DVD Review: ‘Zodiac’ delivers chills, just slowly

    The first scene in “Zodiac” follows a car drifting slowly down an  angelic suburban street, its homes  shadowed by a beautiful array of  colorful fireworks exploding in the  dark, night sky.  

    Everything is perfectly safe and  inviting,  the kind  of  picturesque  setting that epitomizes stereotypical  Americana. What follows, however, is  neither safe nor inviting, and this drastic, shocking perversion of serenity is  the theme that drives “Zodiac.”

    The plot, based on a true story,  brings into focus the events surrounding the five harrowing Zodiac  murders, which took place in the late  1960s in northern California. 

    Mark Ruffalo stars as the detective trying to crack the case. Robert  Downey Jr. plays a journalist whose  newspaper is one of many in San  Francisco receiving cryptic codes  and taunting letters from the killer.  Jake Gyllenhaal rounds out the cast  as a cartoonist working at the same  paper who slowly becomes obsessed with solving the Zodiac’s riddles and,  eventually, discovering and publishing his identity.

    “Zodiac” is the latest thriller from director David Fincher (“Fight Club”),  whose signature style relies on architectural special-effects shots that segue  scene into scene. Fincher’s overall visual style is cold and clinical, and this  reinforces his control over his films’ often dark subject matter.

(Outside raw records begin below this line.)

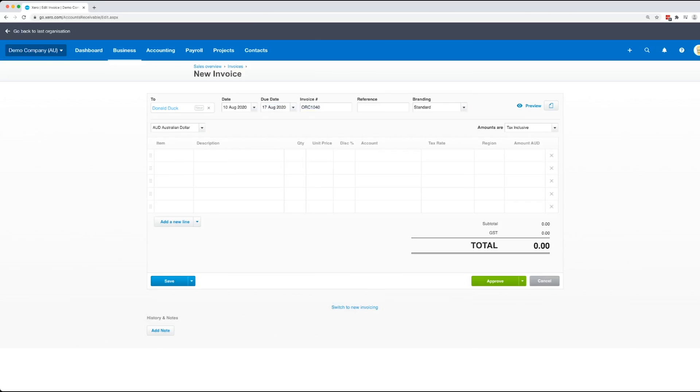Now reference, this is where you'd normally put in, say if you've got a purchase order from a corporate customer, that is where you'd enter that information because that displays on the invoice that they get.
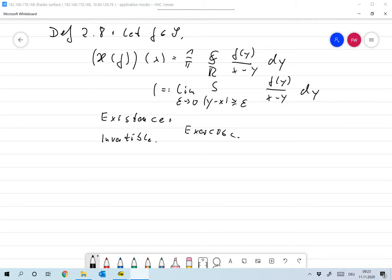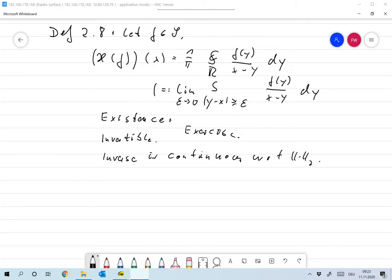You can easily show that the inverse Hilbert transform is continuous with respect to L2 — I think that's the easiest thing to show. So the Hilbert transform is invertible and its inverse is continuous with respect to L2, which is something you will show in the exercises.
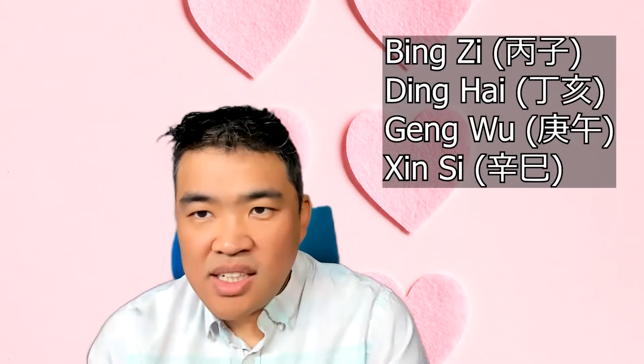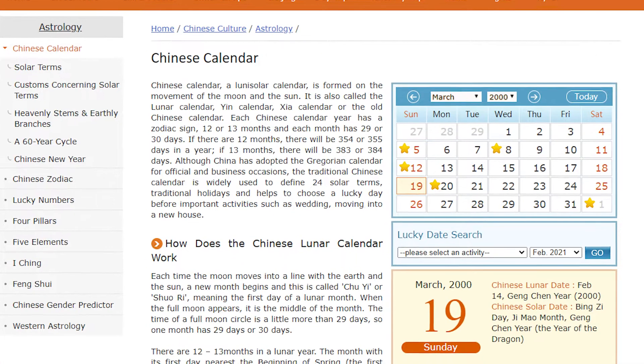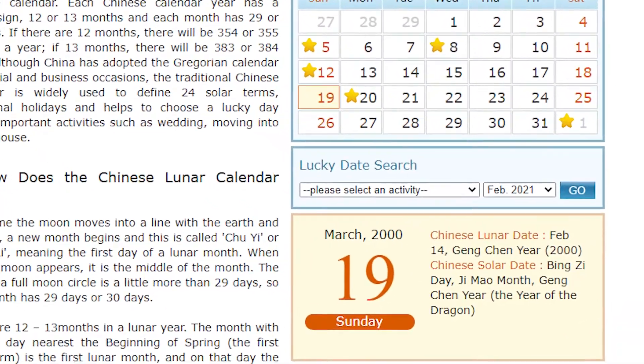The term 'Stands' is a reference to JoJo — watch anime first. We have the Official Stand, which you'll have if you're born on the following days: Bingzi, Dinghai, Gengwu, and Xinxi. You enter the birthday into that calendar to determine which day you have.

    Where the movie fails is in its middle act, which drags as the characters  stumble toward discovering the killer, only to be discouraged repeatedly  by a lack of evidence or false leads. Often, one resolution seems near, only  to be trounced by coincidence or misdirection. 

    As the film progresses, the characters suffer personally and professionally  for their determination to catch the Zodiac killer. Although at times the  obsessive decay of personal identity works as the movie’s central theme,  the sheer length and complexity of the mystery can be trying.

    Yet Fincher’s technically brilliant direction makes the film worthwhile by  perfectly expressing harrowing scenes of picturesque sweethearts destroyed  by a killer’s insanity and the ominous progression of its characters’ obsession  to find the truth. In the end, “Zodiac” is a haunting peek into how the  Zodiac killer not only destroyed the lives of his victims but also created a  wave of fear and obsession that affected the lives of many.